When Yuan Yafei, 52, was growing up in communist China, he was curious about how business was done elsewhere. “We always thought that Great Britain represented old-fashioned capitalism,” he recalled in 2014. Its culture was “quite mysterious and fascinating” to Chinese people.
That year Yuan cemented “the biggest Chinese foreign retail deal in history” when he paid £480m for House of Fraser, a British department-store chain founded in 1849, which “in better times had also owned Harrods”, as the FT put it. His plan was to take the group global and to use the brand to “gild the lily” of his existing Chinese retail operation, Nanjing Cenbest – rolling out 50 new stores in China under the name “Oriental Fraser”.

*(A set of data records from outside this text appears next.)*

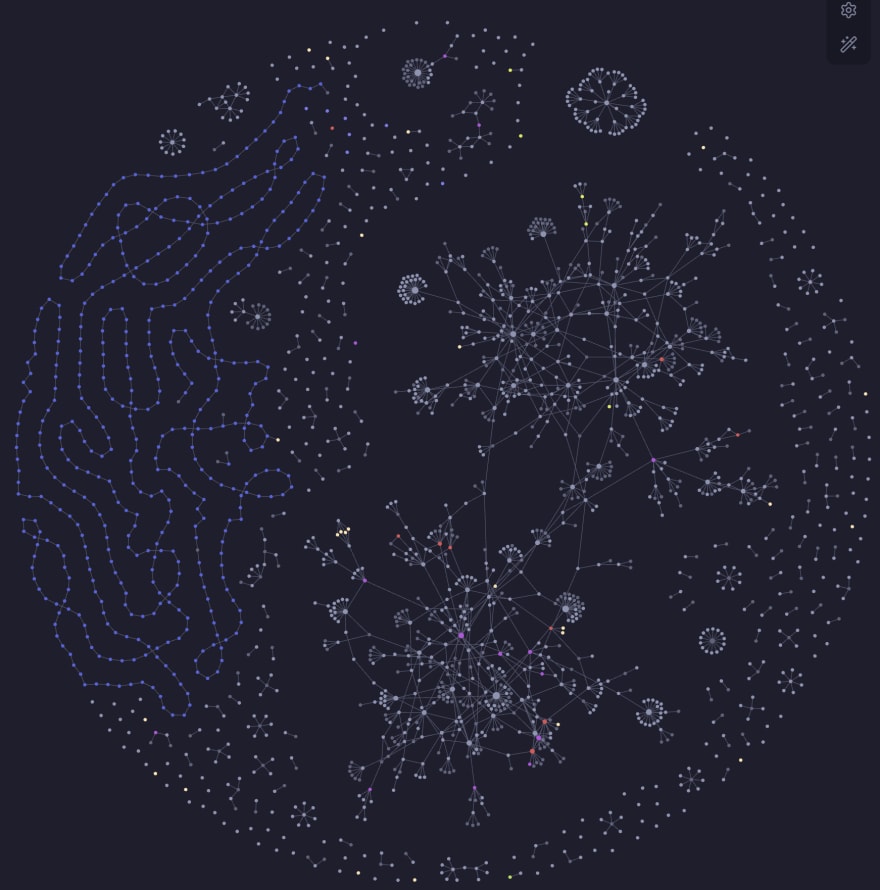 Using Obsidian As A Task Manager And A Personal Knowledge Database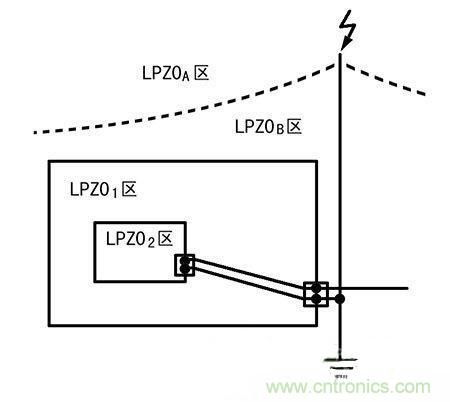 防雷攻略：為戶外LED照明設備保駕護航！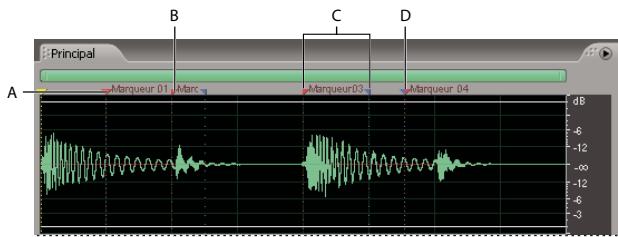 ADOBE AUDITION 3 - À propos des marqueurs - 1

On 21 December, somewhat behind schedule, the first shining exemplar of the tycoon’s vision opens its doors in Nanjing, says The Sunday Times. The big fly in the ointment is that, after five straight years of losses, House of Fraser’s future is looking increasingly precarious back home in Blighty where the strains on the department-store model have been laid bare by an increasingly tough retail environment. A recent revamp at the chain doesn’t seem to have stopped the rot. The most recent sales figures suggest it was “struggling at the start of the crucial Christmas trading season”.
Critics charge that the group’s problems have been exacerbated by Yuan’s “autocratic style” and a string of broken promises. These included some £75m of investment cash that hasn’t materialised, fuelling “doubts about his real wealth”, which Forbes puts at $2.1bn: as well as being the largest shareholder in Nanjing Cenbest, Yuan’s Sanpower conglomerate also has interests in “finance, real estate and collectibles”.
Yuan, who was the son of an engineer in the People’s Liberation Army, began his career as a local government auditor. But his path changed when Deng Xiaoping launched China’s economic reforms in the 1980s. He made his first fortune building DIY computers and then moved into business property in Nanjing, the capital of his home province of Jiangsu.
When told the school has a tendency to produce slightly odd people, he lights up. “Good! Only strange people can succeed… I’m very strange.”
He is certainly mercurial. During takeover talks in 2014, House of Fraser executives observed the “59-minute rule” – Yuan’s concentration and patience rarely lasted more than an hour; after that, “he tended to snap spectacularly, bawling at his terrified lackeys”.
Since he took charge, House of Fraser has lost two chief executives, a finance chief and a chief customer officer. The store remains at the centre of Yuan’s game plan, but it’s not clear how long that will last, says The Sunday Times. Reports of the group’s troubles have reignited old rumours about a merger with Debenhams and private-equity groups are prowling. A poor result this Christmas “may force his hand”.